Les deux jeunes élus décident de continuer en duo. "On est vraiment un binôme, deux fortes têtes. C'est un marqueur de notre candidature", explique Ulysse Rabaté. Leurs noms et leurs photos sont imprimés de la même taille sur les affiches du meeting, quand la suppléante de Manuel Valls, elle, n'est pas en photo sur son affiche. Au moment de faire le choix du titulaire et du suppléant, c'est finalement Farida Amrani qui prend l'ascendant. "Ça représente quelque chose d'envoyer Farida Amrani pour remplacer Manuel Valls à l'Assemblée nationale", explique son suppléant.
Choisir une candidate femme et issue de l'immigration, c'est aussi un symbole.
Ulysse Rabaté, suppléant de Farida Amranià franceinfo
Face à 21 adversaires aux élections législatives
Depuis, la candidate laboure le terrain et doit faire face à une multitude de concurrents : 21 pour être précis, un record dans le département. Parmi eux, Manuel Valls, qui "incarne la politique politicienne" selon Farida Amrani, Michel Nouaille, candidat PCF soutenu par Benoît Hamon, ainsi que l'humoriste controversé Dieudonné, ou encore le chanteur Francis Lalanne, suppléant de Jacques Borie.
C'est un peu insultant pour les électeurs, toutes ces candidatures... Nous, on n'est pas là pour faire du buzz.

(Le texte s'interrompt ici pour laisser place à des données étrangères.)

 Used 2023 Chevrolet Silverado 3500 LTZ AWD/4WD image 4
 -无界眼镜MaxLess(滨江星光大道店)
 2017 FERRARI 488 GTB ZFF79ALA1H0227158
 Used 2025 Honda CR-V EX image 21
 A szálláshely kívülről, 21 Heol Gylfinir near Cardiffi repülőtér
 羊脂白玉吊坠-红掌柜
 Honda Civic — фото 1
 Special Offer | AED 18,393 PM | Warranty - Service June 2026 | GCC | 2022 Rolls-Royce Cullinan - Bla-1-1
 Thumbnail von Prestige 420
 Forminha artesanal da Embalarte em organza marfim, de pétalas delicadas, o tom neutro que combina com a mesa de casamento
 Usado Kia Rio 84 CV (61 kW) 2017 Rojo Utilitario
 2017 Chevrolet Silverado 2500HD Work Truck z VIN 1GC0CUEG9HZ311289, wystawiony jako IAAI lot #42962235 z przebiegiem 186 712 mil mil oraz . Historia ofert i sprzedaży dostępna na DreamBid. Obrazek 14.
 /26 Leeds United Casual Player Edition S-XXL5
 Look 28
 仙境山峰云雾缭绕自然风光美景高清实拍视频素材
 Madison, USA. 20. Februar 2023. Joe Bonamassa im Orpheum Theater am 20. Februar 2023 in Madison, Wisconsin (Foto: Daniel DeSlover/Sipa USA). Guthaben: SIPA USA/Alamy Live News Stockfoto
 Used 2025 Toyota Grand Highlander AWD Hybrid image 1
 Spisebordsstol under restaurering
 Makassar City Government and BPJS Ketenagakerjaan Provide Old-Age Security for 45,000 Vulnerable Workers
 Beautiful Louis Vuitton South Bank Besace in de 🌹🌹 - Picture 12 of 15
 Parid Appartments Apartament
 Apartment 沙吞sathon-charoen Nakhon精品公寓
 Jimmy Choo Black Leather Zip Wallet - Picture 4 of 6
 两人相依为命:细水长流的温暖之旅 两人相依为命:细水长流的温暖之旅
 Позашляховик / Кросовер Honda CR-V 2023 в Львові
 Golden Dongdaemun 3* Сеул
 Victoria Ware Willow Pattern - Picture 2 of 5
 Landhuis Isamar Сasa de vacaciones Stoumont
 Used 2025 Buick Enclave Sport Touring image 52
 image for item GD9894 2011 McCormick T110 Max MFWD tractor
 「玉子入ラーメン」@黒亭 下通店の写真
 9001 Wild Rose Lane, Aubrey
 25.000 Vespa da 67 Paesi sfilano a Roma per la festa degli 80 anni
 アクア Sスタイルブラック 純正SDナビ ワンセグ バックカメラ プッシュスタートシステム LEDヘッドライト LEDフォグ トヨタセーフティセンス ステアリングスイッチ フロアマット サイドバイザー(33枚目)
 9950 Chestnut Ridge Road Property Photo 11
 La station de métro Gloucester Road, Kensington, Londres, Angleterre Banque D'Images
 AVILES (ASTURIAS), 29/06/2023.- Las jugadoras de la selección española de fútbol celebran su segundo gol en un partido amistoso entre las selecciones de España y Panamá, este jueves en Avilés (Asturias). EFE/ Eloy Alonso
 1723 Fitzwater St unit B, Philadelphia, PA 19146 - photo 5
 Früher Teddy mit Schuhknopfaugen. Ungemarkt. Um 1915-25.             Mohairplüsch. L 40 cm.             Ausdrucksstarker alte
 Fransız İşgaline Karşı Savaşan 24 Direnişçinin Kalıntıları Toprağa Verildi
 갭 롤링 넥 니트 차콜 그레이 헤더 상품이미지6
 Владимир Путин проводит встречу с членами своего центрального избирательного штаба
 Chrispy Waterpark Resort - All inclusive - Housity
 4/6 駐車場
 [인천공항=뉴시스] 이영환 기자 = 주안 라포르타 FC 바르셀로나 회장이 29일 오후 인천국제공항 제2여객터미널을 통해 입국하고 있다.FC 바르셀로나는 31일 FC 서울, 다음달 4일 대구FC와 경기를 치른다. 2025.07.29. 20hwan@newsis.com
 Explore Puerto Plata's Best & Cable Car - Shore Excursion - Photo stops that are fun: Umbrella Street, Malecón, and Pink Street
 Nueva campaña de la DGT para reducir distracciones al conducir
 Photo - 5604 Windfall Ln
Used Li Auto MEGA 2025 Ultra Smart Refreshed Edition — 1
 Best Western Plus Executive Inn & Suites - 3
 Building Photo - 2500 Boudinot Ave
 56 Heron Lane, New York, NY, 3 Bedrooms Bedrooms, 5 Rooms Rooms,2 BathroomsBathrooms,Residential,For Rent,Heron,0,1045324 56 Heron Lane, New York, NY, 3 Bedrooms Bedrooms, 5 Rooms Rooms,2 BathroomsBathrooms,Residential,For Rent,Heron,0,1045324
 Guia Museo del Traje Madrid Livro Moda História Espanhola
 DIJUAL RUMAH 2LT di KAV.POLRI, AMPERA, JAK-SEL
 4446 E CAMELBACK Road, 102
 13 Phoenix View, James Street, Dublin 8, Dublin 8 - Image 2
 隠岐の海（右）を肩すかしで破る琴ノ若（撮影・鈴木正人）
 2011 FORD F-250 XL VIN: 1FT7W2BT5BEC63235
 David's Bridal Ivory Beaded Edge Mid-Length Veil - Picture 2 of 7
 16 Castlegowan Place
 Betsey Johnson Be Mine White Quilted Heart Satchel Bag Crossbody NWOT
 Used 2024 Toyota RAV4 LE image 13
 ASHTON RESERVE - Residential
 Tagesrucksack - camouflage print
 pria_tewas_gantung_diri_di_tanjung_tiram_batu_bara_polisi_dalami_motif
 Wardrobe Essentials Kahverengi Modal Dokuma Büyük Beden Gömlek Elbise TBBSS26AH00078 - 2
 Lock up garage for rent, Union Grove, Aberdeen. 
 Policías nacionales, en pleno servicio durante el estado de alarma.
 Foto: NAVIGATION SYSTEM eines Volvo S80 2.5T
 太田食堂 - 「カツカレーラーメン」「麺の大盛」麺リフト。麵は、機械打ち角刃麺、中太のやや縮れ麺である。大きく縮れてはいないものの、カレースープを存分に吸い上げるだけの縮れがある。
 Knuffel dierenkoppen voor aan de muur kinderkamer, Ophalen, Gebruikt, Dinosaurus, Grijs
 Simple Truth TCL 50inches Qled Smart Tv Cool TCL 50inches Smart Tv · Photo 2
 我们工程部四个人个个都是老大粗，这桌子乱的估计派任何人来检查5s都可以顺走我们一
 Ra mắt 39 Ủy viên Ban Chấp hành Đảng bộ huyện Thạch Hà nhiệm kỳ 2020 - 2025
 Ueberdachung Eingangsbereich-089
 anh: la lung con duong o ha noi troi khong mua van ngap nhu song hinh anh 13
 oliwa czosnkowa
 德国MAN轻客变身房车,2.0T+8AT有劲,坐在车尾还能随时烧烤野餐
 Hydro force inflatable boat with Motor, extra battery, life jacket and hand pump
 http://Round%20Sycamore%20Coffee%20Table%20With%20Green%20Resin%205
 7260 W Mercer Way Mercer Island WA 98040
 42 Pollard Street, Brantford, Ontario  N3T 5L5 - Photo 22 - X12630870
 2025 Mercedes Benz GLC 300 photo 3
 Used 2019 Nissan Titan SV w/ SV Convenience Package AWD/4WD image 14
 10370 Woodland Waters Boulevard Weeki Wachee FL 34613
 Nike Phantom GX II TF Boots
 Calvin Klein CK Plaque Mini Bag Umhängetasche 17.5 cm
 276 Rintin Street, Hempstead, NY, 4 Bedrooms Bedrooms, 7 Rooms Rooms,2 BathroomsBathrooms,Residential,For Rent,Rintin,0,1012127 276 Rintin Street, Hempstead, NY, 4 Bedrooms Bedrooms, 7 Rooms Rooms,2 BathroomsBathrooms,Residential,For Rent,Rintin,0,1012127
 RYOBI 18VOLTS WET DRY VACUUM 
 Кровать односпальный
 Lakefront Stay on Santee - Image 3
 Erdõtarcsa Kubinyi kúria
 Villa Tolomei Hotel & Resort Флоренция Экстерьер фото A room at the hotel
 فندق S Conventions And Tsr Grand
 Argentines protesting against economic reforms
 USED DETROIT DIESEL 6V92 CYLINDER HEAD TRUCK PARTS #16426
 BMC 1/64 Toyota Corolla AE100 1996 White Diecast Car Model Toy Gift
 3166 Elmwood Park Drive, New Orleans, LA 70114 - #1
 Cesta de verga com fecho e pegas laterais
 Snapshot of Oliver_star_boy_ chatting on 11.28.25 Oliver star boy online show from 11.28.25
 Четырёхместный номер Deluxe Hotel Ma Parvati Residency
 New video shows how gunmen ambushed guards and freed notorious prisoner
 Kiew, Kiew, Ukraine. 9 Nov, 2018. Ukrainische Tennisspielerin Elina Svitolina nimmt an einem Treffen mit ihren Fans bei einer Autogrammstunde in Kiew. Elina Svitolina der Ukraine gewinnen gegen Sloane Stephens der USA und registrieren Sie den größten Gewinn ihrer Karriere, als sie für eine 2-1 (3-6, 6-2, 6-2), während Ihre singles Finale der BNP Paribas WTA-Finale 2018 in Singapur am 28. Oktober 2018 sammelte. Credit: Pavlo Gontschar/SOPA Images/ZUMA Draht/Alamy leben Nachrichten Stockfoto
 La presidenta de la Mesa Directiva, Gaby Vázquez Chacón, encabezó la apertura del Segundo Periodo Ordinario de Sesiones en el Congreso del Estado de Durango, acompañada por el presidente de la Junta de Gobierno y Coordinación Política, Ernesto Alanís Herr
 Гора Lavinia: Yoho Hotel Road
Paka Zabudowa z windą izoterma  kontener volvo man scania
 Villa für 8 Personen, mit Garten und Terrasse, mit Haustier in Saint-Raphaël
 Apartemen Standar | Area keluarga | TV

Farida Amrani, candidate face à Manuel Vallsà franceinfo
Alors, pour se faire connaître, la candidate, qui n'a pas de local de campagne, mise sur des "street permanences". Une table pliante, des canettes de soda, quelques tracts et des affiches de campagne... En cette fin de journée, Farida Amrani s'est installée au pied des grands immeubles de la cité "Les rives de l'Essonne".
La candidate anti-Valls ?
Tandis que la candidate discute avec quelques passants, une équipe de militants "insoumis" est partie "boîter" – distribuer les programmes dans les boîtes aux lettres. Des bénévoles prennent le temps de glisser des tracts aux conducteurs qui passent là, présentant Farida Amrani comme la candidate qui peut battre l'ancien Premier ministre. Une rhétorique anti-Valls qui semble faire son effet. La candidate, elle, réfute cet angle d'attaque : "Ce qui est dommage, c'est que le programme ne soit pas au centre de la campagne", explique-t-elle.
Personnellement, je n'ai rien contre Manuel Valls. C'est sa politique que je combats.
Farida Amrani, candidate aux législativesà franceinfo
La veille, pourtant, c'est bien ce sentiment anti-Valls qui dominait dans le public. "Le 49-3, on n'en veut plus", lançait, par exemple, Chantal. En tribune, Jean-Luc Mélenchon appelait lui aussi à "dégager" l'ancien Premier ministre. Après son long discours, il profitait de la photo de famille pour lancer, en souriant : "Le jour où Valls a perdu son siège." Verdict les 11 et 18 juin.